At the University of Victoria, the Research Partnerships and Knowledge Mobilization unit (RPKM) is a campus and community-wide portal to support the development of transformative research. We bring outstanding researchers together with community partners to co-create knowledge for action –knowledge that is mobilized to improve the social, cultural and economic well-being of communities throughout our region and around the globe. Here’s a look at some of our projects with community partners in 2014.
À l’Université de Victoria, l’unité Partenariats en recherche et Mobilisation des connaissances (Research Partnerships and Knowledge Mobilization unit, RPKM) est un portail ouvert aux gens du campus et de la communauté, destiné à soutenir et à renforcer la recherche transformatrice. Nous réunissons des chercheurs exceptionnels et des partenaires de la communauté afin qu’ils créent ensemble un savoir en action – un savoir mobilisé dans le but d’améliorer le bien-être social, culturel et économique des collectivités de notre région et du monde entier. Voici quelques-uns des projets en cours en 2014.
Students at UVic have an incredible opportunity to develop their research skills while helping to improve the lives of BC’s children and families, thanks to a course titled Graduate Studies 505.
GS 505: Research and Evaluation in Children, Youth and Family Services Policies is a multi-disciplinary internship, spearheaded by UVic Knowledge Mobilization Services and instructed by Drs. Gord Miller and Wayne Mitic, (School of Child and Youth Care). Students in the course learn about research and evaluation techniques and select one research question to explore, aided in their investigations by mentors from the MCFD.
“Through this experience, I was able to research an issue close to my heart and work with professionals directly engaged in the topic area,” explains a GS 505 student from the 2013/14 session.
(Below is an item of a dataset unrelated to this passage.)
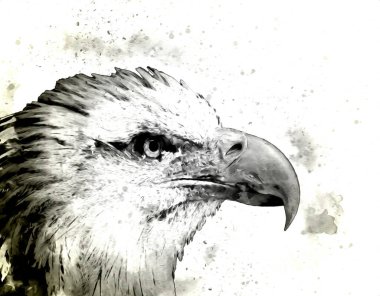 Kel kartal el çizimi ve beyaz arkaplan çizimi üzerine çullanır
After the students complete their research, they share their findings with Ministry officials, enabling these government practitioners and policy-makers to address pressing research needs within their areas of responsibility.
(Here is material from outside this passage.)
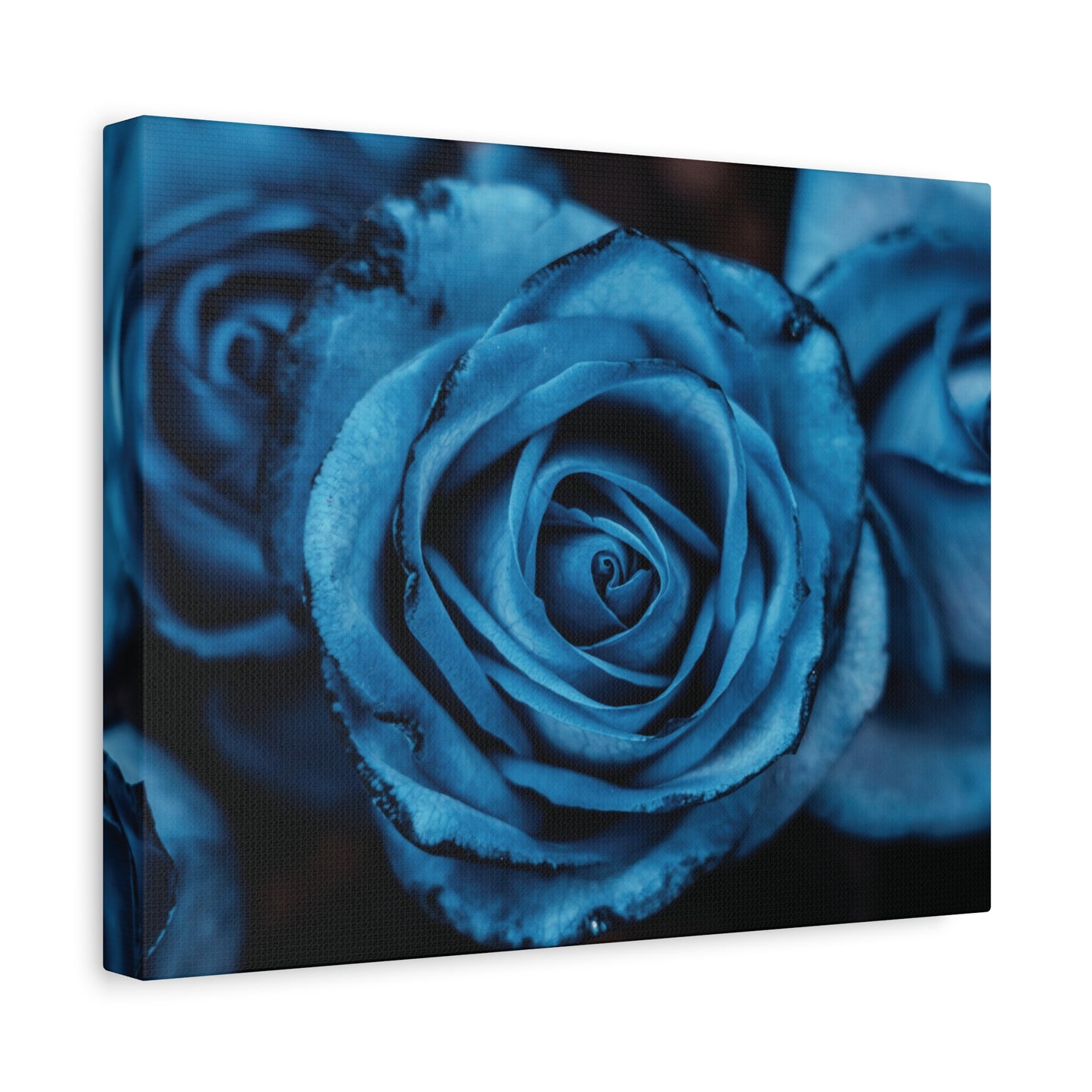 Blue Rose Canvas Print — Matte Stretched Wall Art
“[Our office] has greatly benefited from UVic students involved in the research course,” says a ministry official from the Provincial Office of Domestic Violence (PODV). “[The students’] hard work, diverse perspectives and involvement has enriched PODV’s work in the last two years and is greatly appreciated.”
With projects including research on adoption, special needs, youth justice, mental health, early years and child welfare, this innovative course develops UVic students’ research skills while giving them a chance to change the lives of BC families.